• PROMPT:
Drop the pictures; give again exactly the lines from the one holding "Pre Owned Carolina" through the end of the data.

• INPUT FOR THIS TASK:

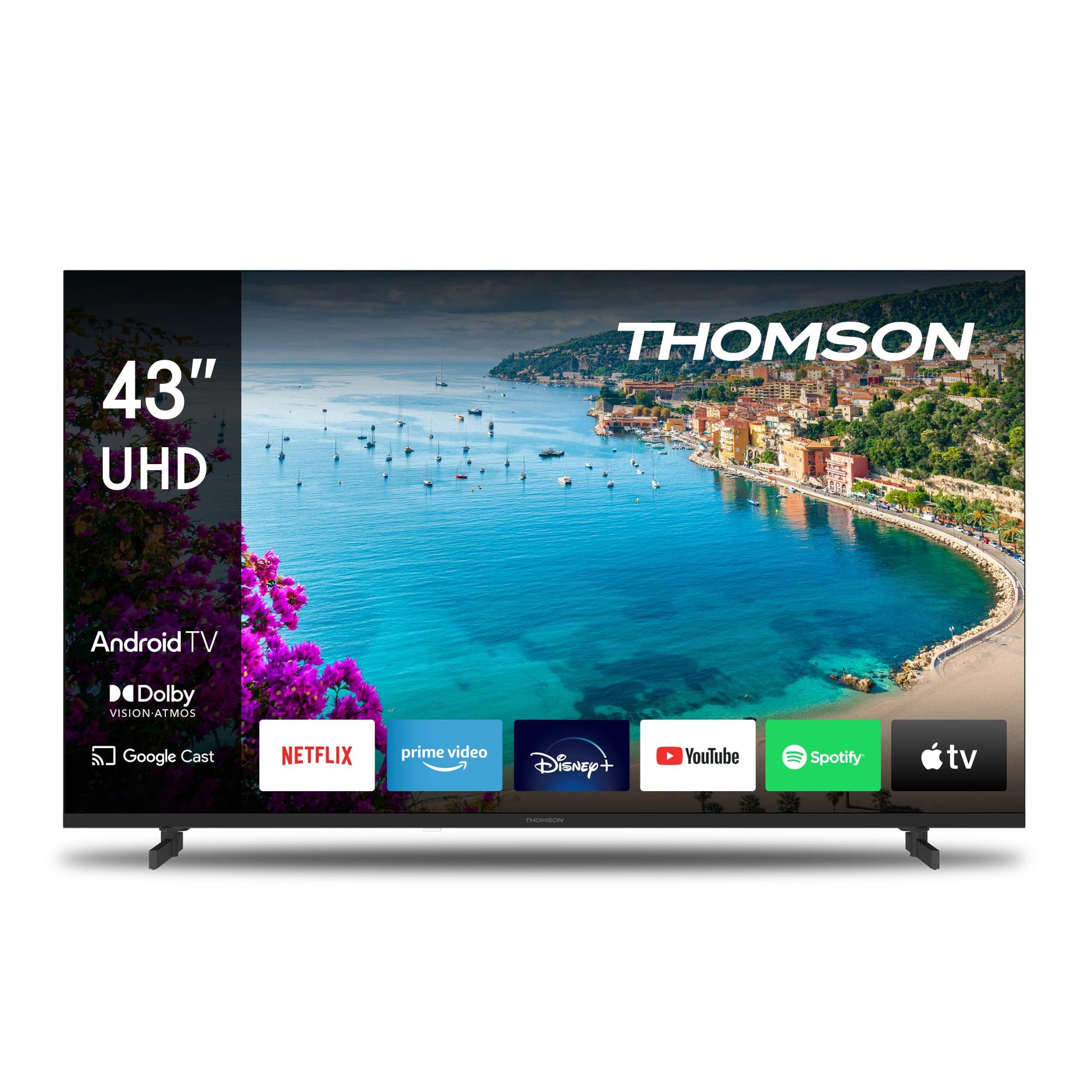 Thomson 43 Zoll 4K UHD Smart TV 43UA5S13 Android: Rechteckiger, schlanker schwarzer Bildschirm für 4K UHD Streaming und Fernsehen mit Android OS.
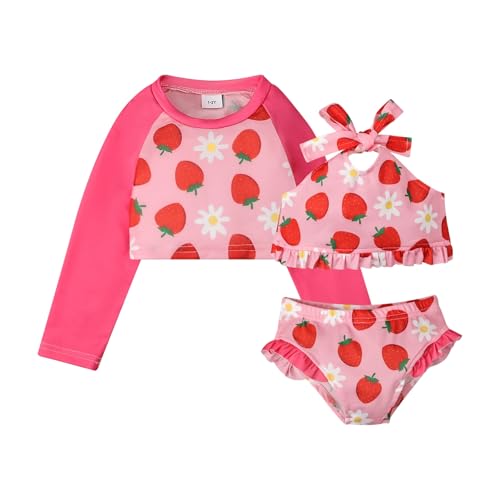 5t Girls Clothes Swimsuit Summer Fruit Print Sun Protection Long Sleeve + Bikini Set 3 Piece Pink 5-6 Years Old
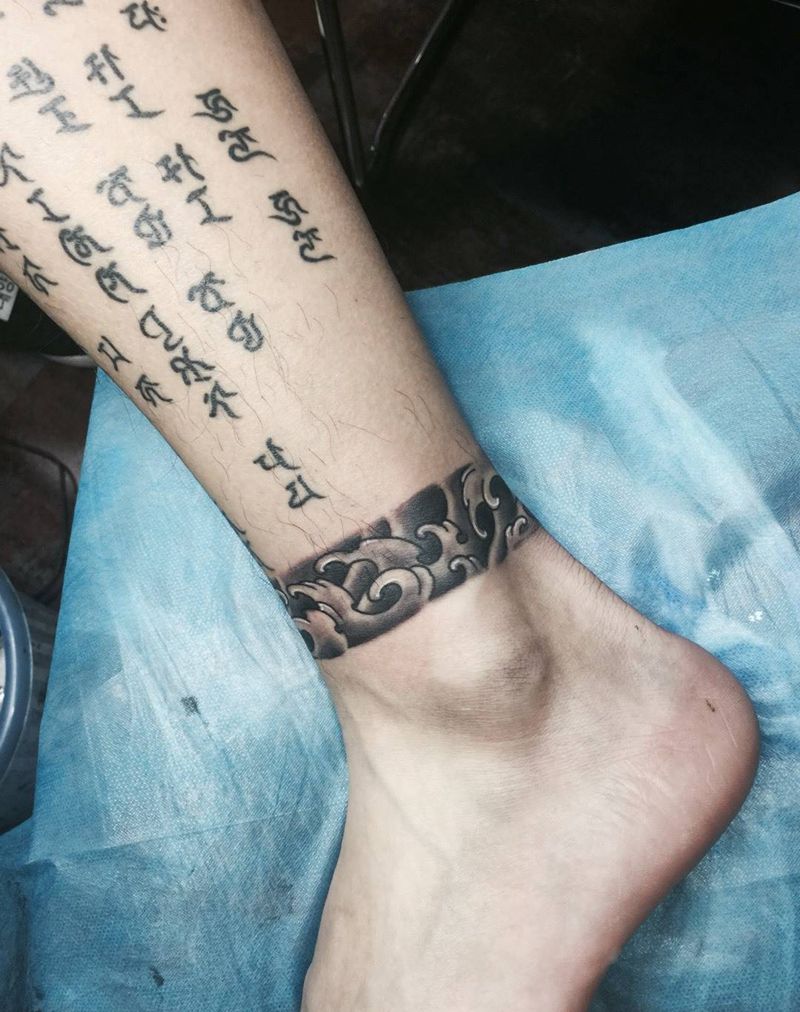 浪花一组纹身图片_成品腿部传统纹身图案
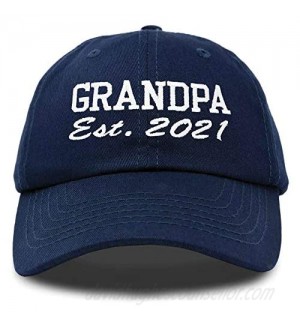 DALIX New Grandpa Hat Est 2021 Fun Gift Embroidered Dad Hat Cotton Cap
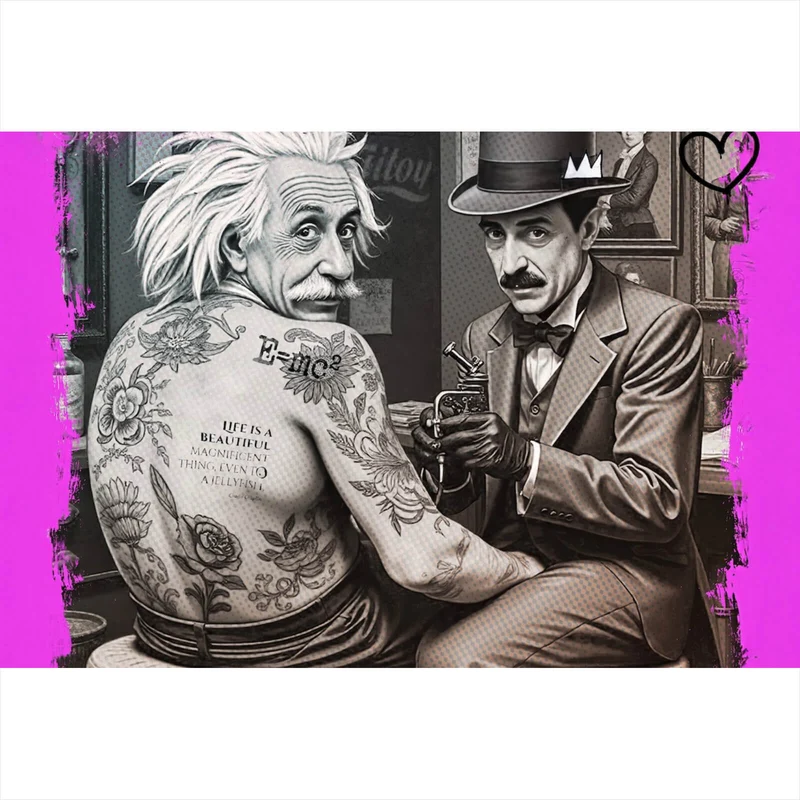 Leinwandbild Life Beautiful Retro Tattoo Querformat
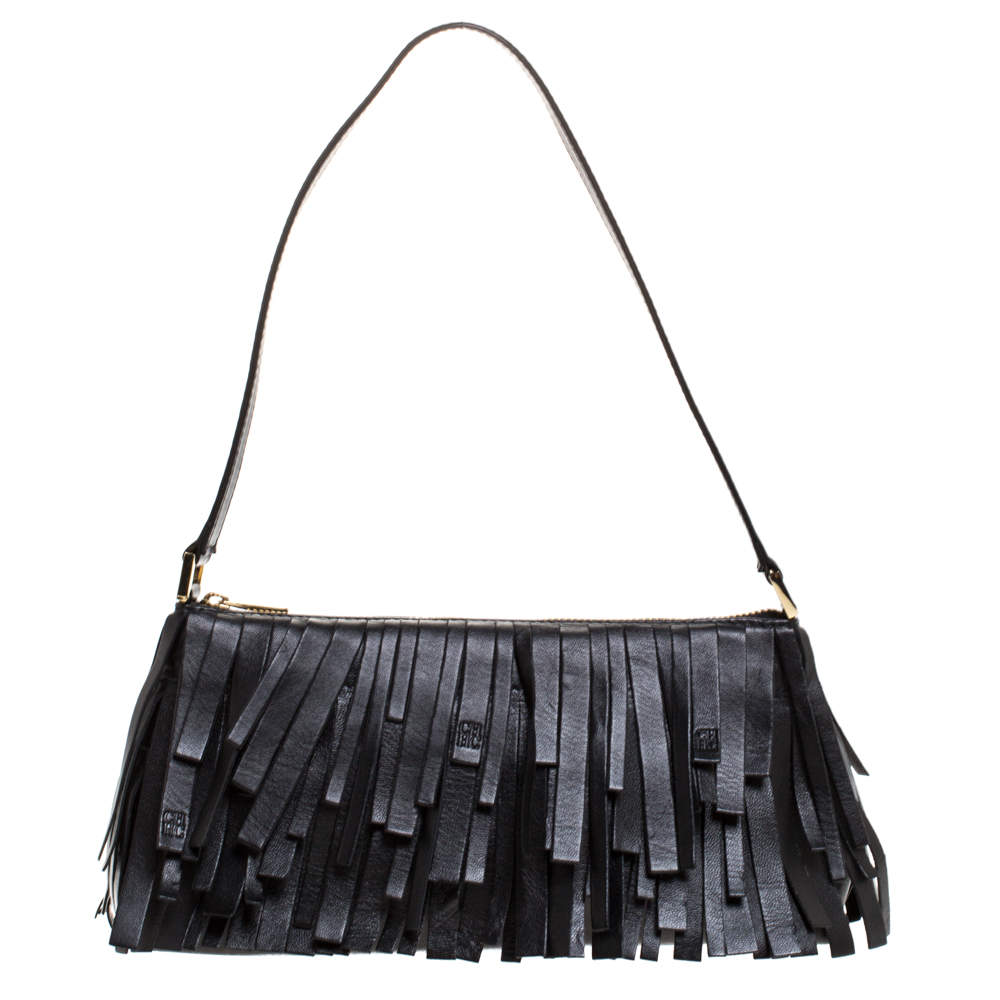 Pre Owned Carolina Herrera Black Leather Fringe Pochette Bag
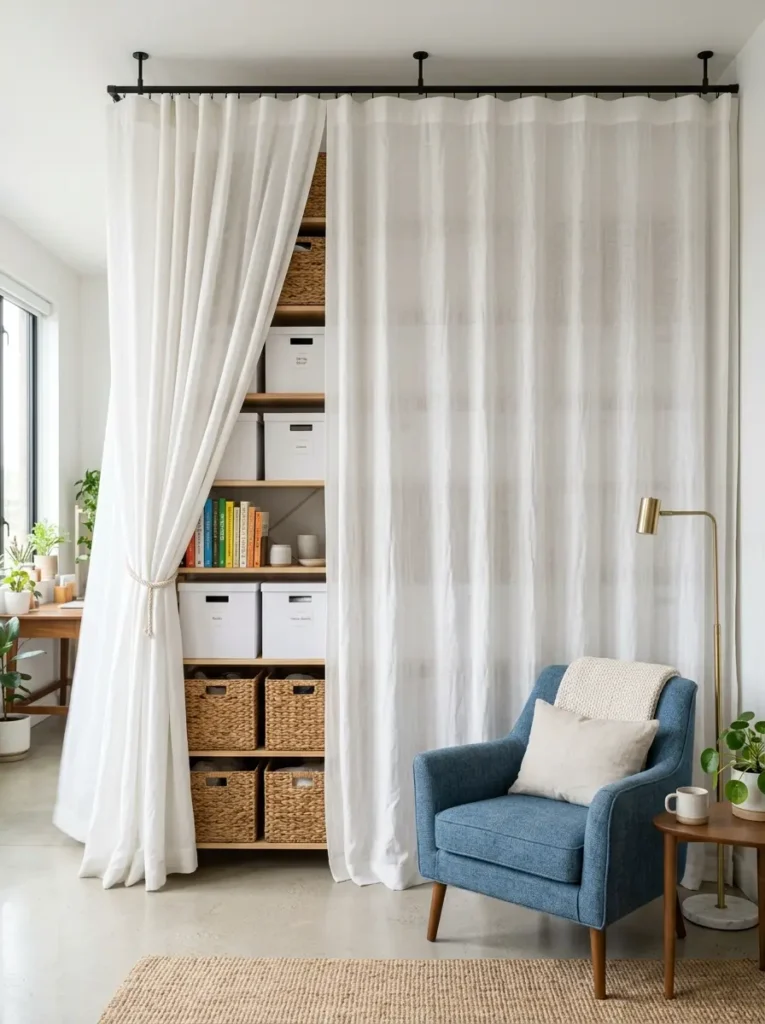 White curtains pull back to reveal organized baskets and boxes.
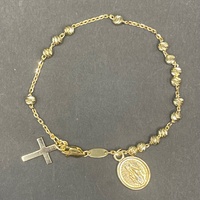 Ladies 9ct Yellow Gold Cable & Bead Link Bracelet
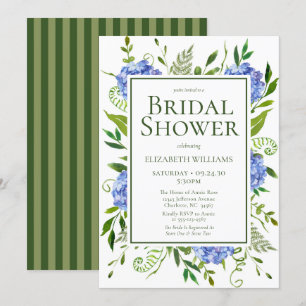 Blue Hydrangeas Floral Watercolor Bridal Shower Invitation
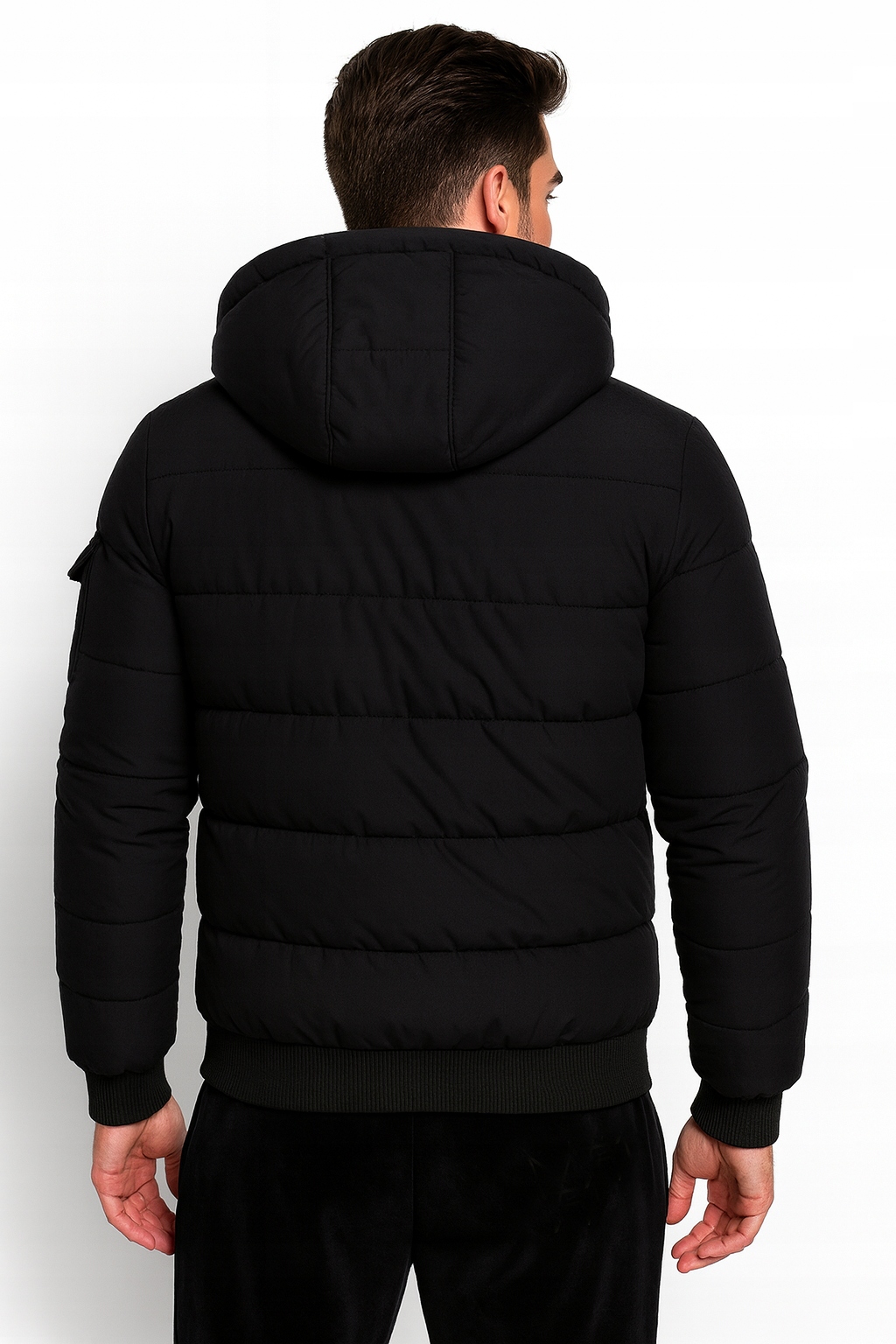 KURTKA MĘSKA Z KAPTUREM PUCHOWA OCIEPLANA ZIMOWA PIKOWANA CZARNA 164/170 S Model KURTKA MĘSKA CZARNA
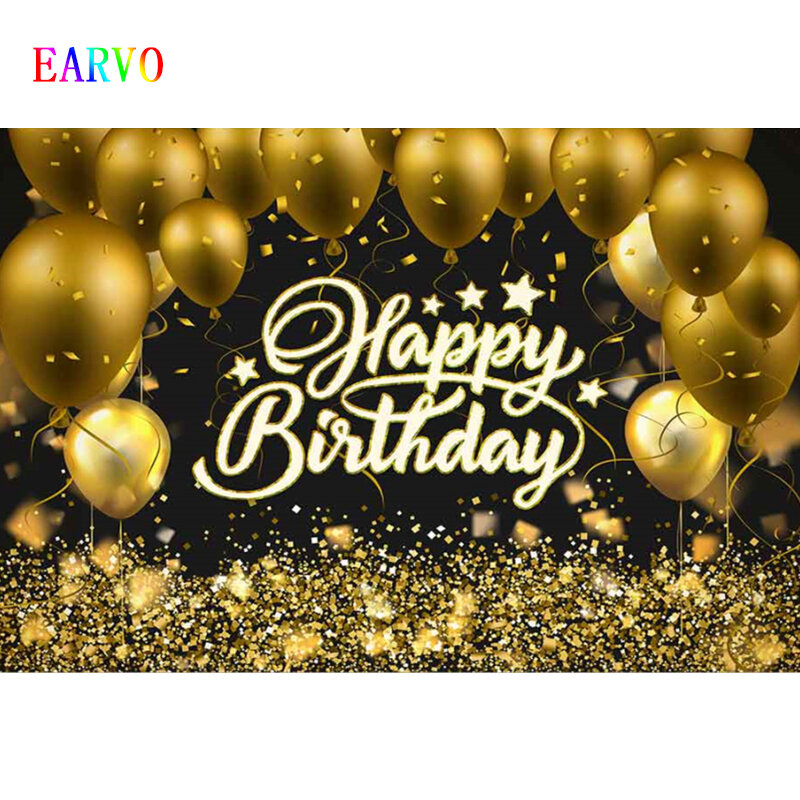 Fondo de fiesta de globos de cumpleaños, decoración de pared de feliz cumpleaños, papel tapiz personalizado, fotografía de fondo para Baby Shower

• WORKED SOLUTION:
 Pre Owned Carolina Herrera Black Leather Fringe Pochette Bag
 White curtains pull back to reveal organized baskets and boxes.
 Ladies 9ct Yellow Gold Cable & Bead Link Bracelet
 Blue Hydrangeas Floral Watercolor Bridal Shower Invitation
 KURTKA MĘSKA Z KAPTUREM PUCHOWA OCIEPLANA ZIMOWA PIKOWANA CZARNA 164/170 S Model KURTKA MĘSKA CZARNA
 Fondo de fiesta de globos de cumpleaños, decoración de pared de feliz cumpleaños, papel tapiz personalizado, fotografía de fondo para Baby Shower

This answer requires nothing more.